TASK REQUIREMENTS: Your answer should hold the data exactly as given, minus any picture.

DATA SEGMENT:
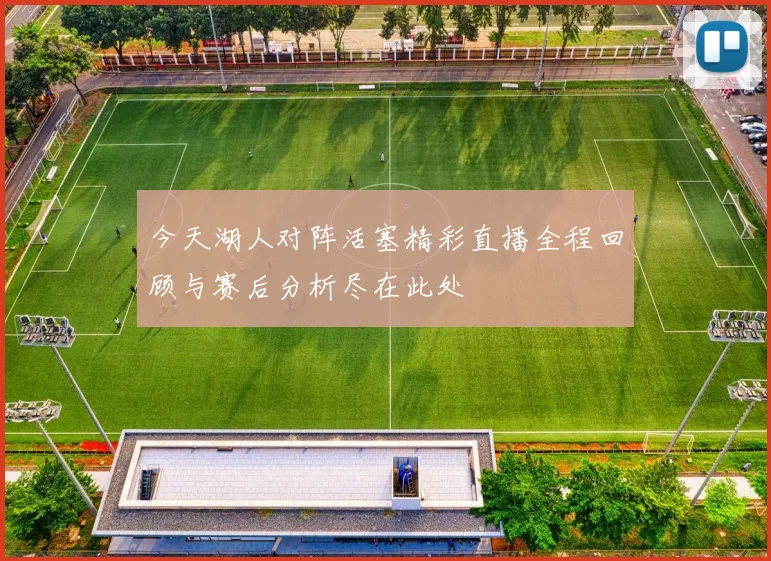 今天湖人对阵活塞精彩直播全程回顾与赛后分析尽在此处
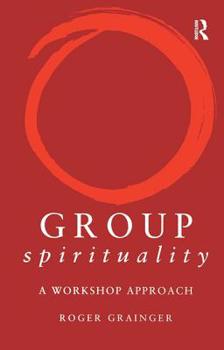 Paperback Group Spirituality: A Workshop Approach Book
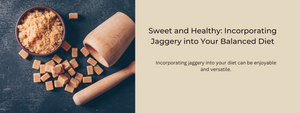 Sweet and Healthy: Incorporating Jaggery into Your Balanced Diet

EXERCISE RESPONSE:
 今天湖人对阵活塞精彩直播全程回顾与赛后分析尽在此处
 Paperback Group Spirituality: A Workshop Approach Book
 Sweet and Healthy: Incorporating Jaggery into Your Balanced Diet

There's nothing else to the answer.